AIM OF THE TASK: Print out each record below, unaltered and complete, without its images.

ENTRIES SHOWN:

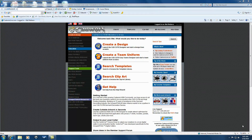Hello and welcome to Great Garment Graphics Online. I'm Al Mibers, and in this video we will create a team uniform using Easy Team Designer in CADWorksLive.com.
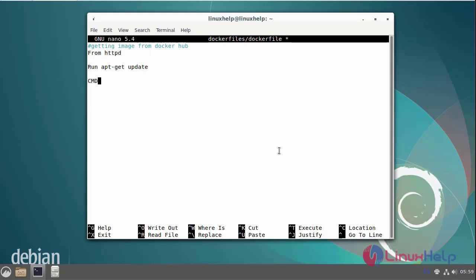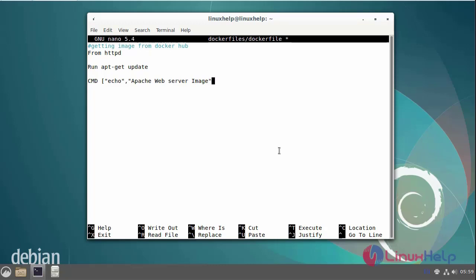Now I am going to build the Apache web server image, so run this command. After editing the file, save and exit.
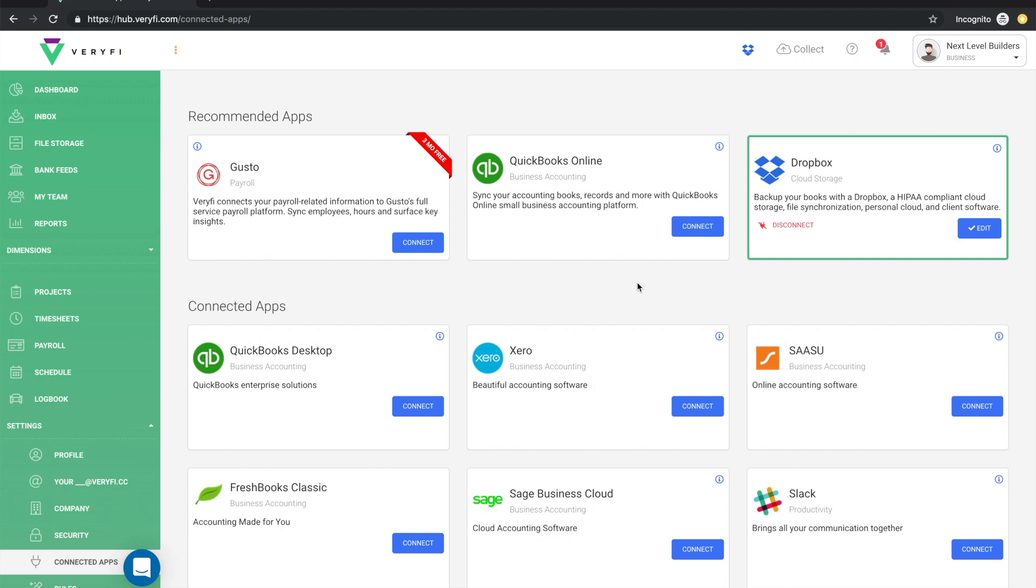As always, if you have any questions, comments, feedback, feel free to drop us a line at support at verify.com.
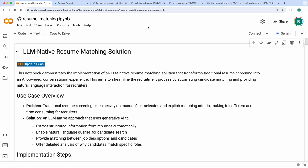Hey hello, Ravi here from LlamaIndex. In this video I'll give a quick walkthrough of an LLM-native solution for resume matching. The use case we are tackling is that recruiters often get lots of resumes for a job posting.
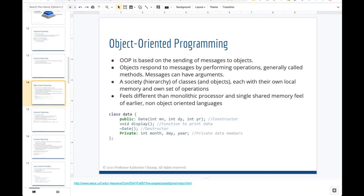Some languages have more than one paradigm, which adds to the confusion. A programming paradigm is more of a way to describe a language rather than a strict classification like biological taxonomy where something can only be one or the other — paradigms can overlap. For instance, Python can be written in an object-oriented way with classes, or in a structured and imperative way without classes.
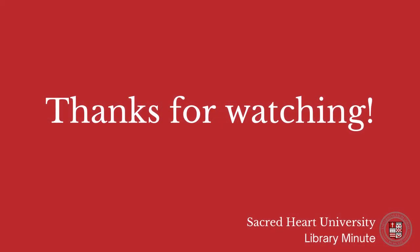For assistance with searching the databases or with any other questions feel free to contact us at the library. Thank you.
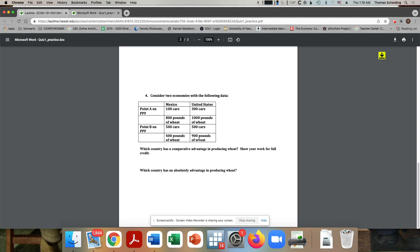Which would then mean who produces wheat the cheapest? That would be Mexico, where the sacrifice is one for one. As opposed to the United States, where to produce a pound of wheat, you have to give up two cars.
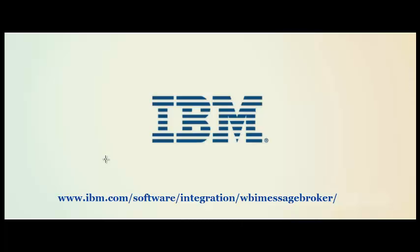This brings us to the end of the demo on sales order application integration using WebSphere Message Broker.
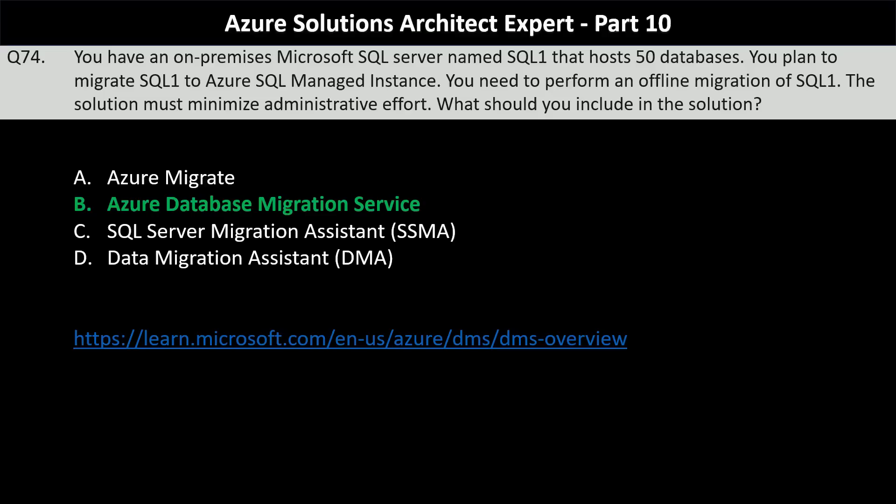I hope you now understand the use case of all four Azure services discussed in this question. If you still have any doubts, please post them in the comment section.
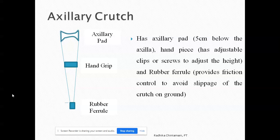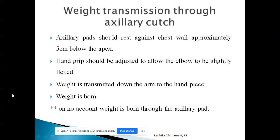The axillary pad is usually placed five centimeters below the axilla to avoid impingement of the brachial plexus, which is present in the axilla. The hand grip has adjustable clips or screws to adjust the height. The lower part is the rubber ferrule, which provides friction control so that slippage during walking is avoided. Both the position of the handpiece and the total length of the crutch are adjustable.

WRITTEN ANSWER:
Hello and welcome to Great Garment Graphics Online. I'm Al Mibers, and in this video we will create a team uniform using Easy Team Designer in CADWorksLive.com.
Now I am going to build the Apache web server image, so run this command. After editing the file, save and exit.
As always, if you have any questions, comments, feedback, feel free to drop us a line at support at verify.com.
Hey hello, Ravi here from LlamaIndex. In this video I'll give a quick walkthrough of an LLM-native solution for resume matching. The use case we are tackling is that recruiters often get lots of resumes for a job posting.
Some languages have more than one paradigm, which adds to the confusion. A programming paradigm is more of a way to describe a language rather than a strict classification like biological taxonomy where something can only be one or the other — paradigms can overlap. For instance, Python can be written in an object-oriented way with classes, or in a structured and imperative way without classes.
For assistance with searching the databases or with any other questions feel free to contact us at the library. Thank you.
Which would then mean who produces wheat the cheapest? That would be Mexico, where the sacrifice is one for one. As opposed to the United States, where to produce a pound of wheat, you have to give up two cars.
This brings us to the end of the demo on sales order application integration using WebSphere Message Broker.
I hope you now understand the use case of all four Azure services discussed in this question. If you still have any doubts, please post them in the comment section.
The axillary pad is usually placed five centimeters below the axilla to avoid impingement of the brachial plexus, which is present in the axilla. The hand grip has adjustable clips or screws to adjust the height. The lower part is the rubber ferrule, which provides friction control so that slippage during walking is avoided. Both the position of the handpiece and the total length of the crutch are adjustable.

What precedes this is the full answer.